If you are venturing into the world of natural language processing (NLP) and looking to classify text data in Brazilian Portuguese, you’re in luck! In this blog, we will guide you through the process of using the AutoTrain feature from Hugging Face Transformers to create a binary classification model. This model will help you classify Brazilian Portuguese tweets as toxic or non-toxic.
Understanding the Basics
Before we dive into the implementation, let’s clarify some fundamental concepts. Imagine you’re a coach of a soccer team. You train your team (the model) using various drills (the dataset) to prepare them for a match (the classification task). The goal is to predict the outcome of a game based on the training they received. Similarly, we will be training our model to make predictions about tweet toxicity based on the data it’s been fed.
Step-by-Step Guide
1. Model Information
- Model ID: 2489776826
- Base Model: bert-base-portuguese-cased
- Model Size: 416MB
- Parameters: 109M
- CO2 Emissions: 1.7788 grams
2. Validation Metrics
- Accuracy: 0.815
- F1 Score: 0.793
- AUC: 0.895
3. Accessing the Model
You can access the model using cURL or Python API. Below is how you can use both methods:
Using cURL
To use cURL, run the following command in your terminal:
$ curl -X POST -H "Authorization: Bearer YOUR_API_KEY" -H "Content-Type: application/json" -d '{"inputs": "I love AutoTrain"}' https://api-inference.huggingface.com/models/alexandreteles/autotrain-told_br_binary_sm_bertimbau-2489776826
Using Python API
If you prefer using Python, here is a simple code snippet:
from transformers import AutoModelForSequenceClassification, AutoTokenizer
model = AutoModelForSequenceClassification.from_pretrained('alexandreteles/autotrain-told_br_binary_sm_bertimbau-2489776826', use_auth_token=True)

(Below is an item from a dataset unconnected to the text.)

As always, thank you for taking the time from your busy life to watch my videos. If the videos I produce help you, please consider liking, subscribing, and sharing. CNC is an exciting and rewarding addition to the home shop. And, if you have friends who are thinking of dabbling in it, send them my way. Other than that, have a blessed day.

tokenizer = AutoTokenizer.from_pretrained('alexandreteles/autotrain-told_br_binary_sm_bertimbau-2489776826', use_auth_token=True)
inputs = tokenizer("I love AutoTrain", return_tensors='pt')
outputs = model(**inputs)
Troubleshooting Tips
While executing the steps above, you may come across some hiccups. Below are some common issues and their solutions:
- Issue: Authentication errors when using the API.

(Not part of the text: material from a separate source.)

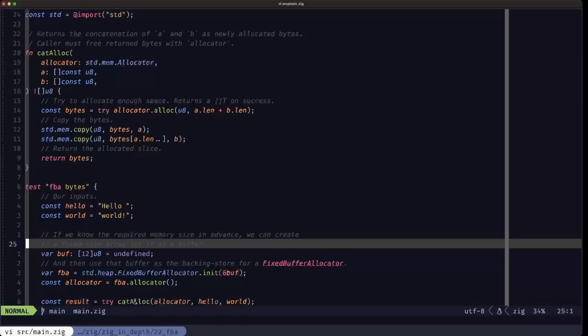When you allocate on the heap, you have to make a request to the operating system via what's called a system call, and that has a pretty high overhead cost. When dealing with memory on the stack, it's basically already there — the function has been called and the function frame has been set up on the stack, so no other interaction with the operating system has to occur. For that reason, dealing with stack memory is much faster than dealing with heap-allocated memory.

Solution: Ensure that you have the correct API key and that you’re using it in the cURL or Python code. - Issue: Errors related to input data formatting.
Solution: Double-check the data format, ensuring it matches the required JSON structure. - Issue: Model not loading correctly.
Solution: Verify the model ID you’re using and that you are connected to the internet.
For more insights, updates, or to collaborate on AI development projects, stay connected with fxis.ai.
Conclusion
By following these steps, you can set up a binary classification model to evaluate tweet toxicity in Brazilian Portuguese effectively. Remember, practice makes perfect, so keep experimenting with different datasets and settings. At fxis.ai, we believe that such advancements are crucial for the future of AI, as they enable more comprehensive and effective solutions. Our team is continually exploring new methodologies to push the envelope in artificial intelligence, ensuring that our clients benefit from the latest technological innovations.